The Tanzanians were fishing with dynamite. It worked, but the long-term results — depletion of fish stocks, destruction of the living coral reef — led the government to ban the practice. The fishermen persisted, ignoring the law, the government pamphlets and advice from Western ecologists. Yet when local religious leaders ruled that exploding ecosystems violates the Quran’s injunction against wasting God’s creation, dynamiting was finished.
Spirituality of whatever sort can motivate true believers to embrace sustainability, says Mallory McDuff, an environmental studies professor at Warren Wilson College. Her new book, Natural Saints: How People of Faith are Working to Save God's Earth, profiles environmentally committed congregations nationwide.
The book collects the stories and strategies of contemporary church leaders and parishioners working to define a new, spiritually oriented environmental movement. A focus on God's earth, says McDuff, is creating more relevant and powerful ministries offering “lessons for a new world where congregations model the principles and practices of sustainable communities.”
During her research, McDuff traveled the country, her two young daughters in tow; a number of those profiled hail from Western North Carolina.
Jill Rios worships at La Capilla de Santa Maria in Hendersonville, where her husband, the Rev. Austin Rios, leads an Episcopal parish serving Latino immigrants. Under Jill’s leadership, the church is preparing to weatherize the sanctuary to make it more energy-efficient. They’re also establishing a garden that will support a free farmers market for parishioners while providing ingredients for a planned pizza business. The parishioners will bake the pies in a cob oven they’ve built.
The former director of North Carolina Interfaith Power & Light, a Raleigh-based environmental group that works with faith groups across the state, Jill teamed up with a local collaborative to weatherize 300 low-income homes. She’s now organizing Climate Justice Tours that explore the life cycle of coal while highlighting some local best and worst energy practices. The tour includes stops at the Progress Energy plant in Skyland and at Kanuga Conferences, which boasts one of the largest solar arrays in the Southeast.

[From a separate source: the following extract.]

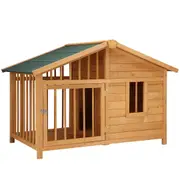 Large Dog House Kennel Crate Box Wooden Cabin Raised Cat Puppy Cage Pet House Shelter Outdoor Villa Porch Weatherproof Asphalt Roof Door Lock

“This area is rich in examples of people integrating the natural world into their religious ministries,” McDuff notes. At Jubilee! Community church in Asheville, staffer Vicki Garlock is greening the children’s curriculum on the theme of caring for creation. Garlock aims to make her nature-based Christian curriculum available to other churches too. “We can foster that innate connection of children to nature,” she explains, “which is one way you find your spiritual path.”
Will Harlan, the editor of Blue Ridge Outdoors magazine, is a Buddhist who lives off the grid with his wife and son on a farm near Barnardsville. Harlan’s spirituality, says McDuff, infuses his avocation as an elite ultramarathoner: Last year, he completed his second 72-mile run in the Smokies. The first (in 2003) was designed to raise awareness of air pollution in the mountains; the second spotlighted mountaintop-removal mining.
The Rev. Brian Cole of The Cathedral of All Souls in Biltmore Village wrote the afterword to McDuff’s book. The church’s progressive congregation is pushing its leaders to think green when it comes to upgrading their historic structures.
Basic Christian tenets such as loving one’s neighbor as oneself, says McDuff, also call believers to care for creation. “This region is rich for religious environmentalism, given the wealth of spiritual connections to a strong sense of place,” she asserts. “Our collective acts can generate a momentum that transcends the actions of individuals or inaction of legislative bodies.”
Last summer, notes McDuff, “People of faith watched the Senate's inability to tackle the real problem of climate change, the lack of progress at the United Nations Climate Change Conference and the failure of the Gulf Coast oil spill to spark a national demand for alternative energy sources. Given that the United States imports 68 percent of its oil, couldn't this disaster propel a call for more sustainable policies and practices?”
Global warming, she maintains, “has created common ground for Jews, Evangelicals, Muslims, Lutherans, Baptists and Roman Catholics. Our diverse religious traditions provide the structure of intentional community, a shared moral imperative, forgiveness and redemption and, most important, hope in things not seen.”
Signed copies of Mallory McDuff’s book Natural Saints: How People of Faith are Working to Save God's Earth are available at Malaprop’s in downtown Asheville. The author will give a talk Monday, Jan. 31, 2011 at 7 p.m. in the Warren Wilson College Chapel.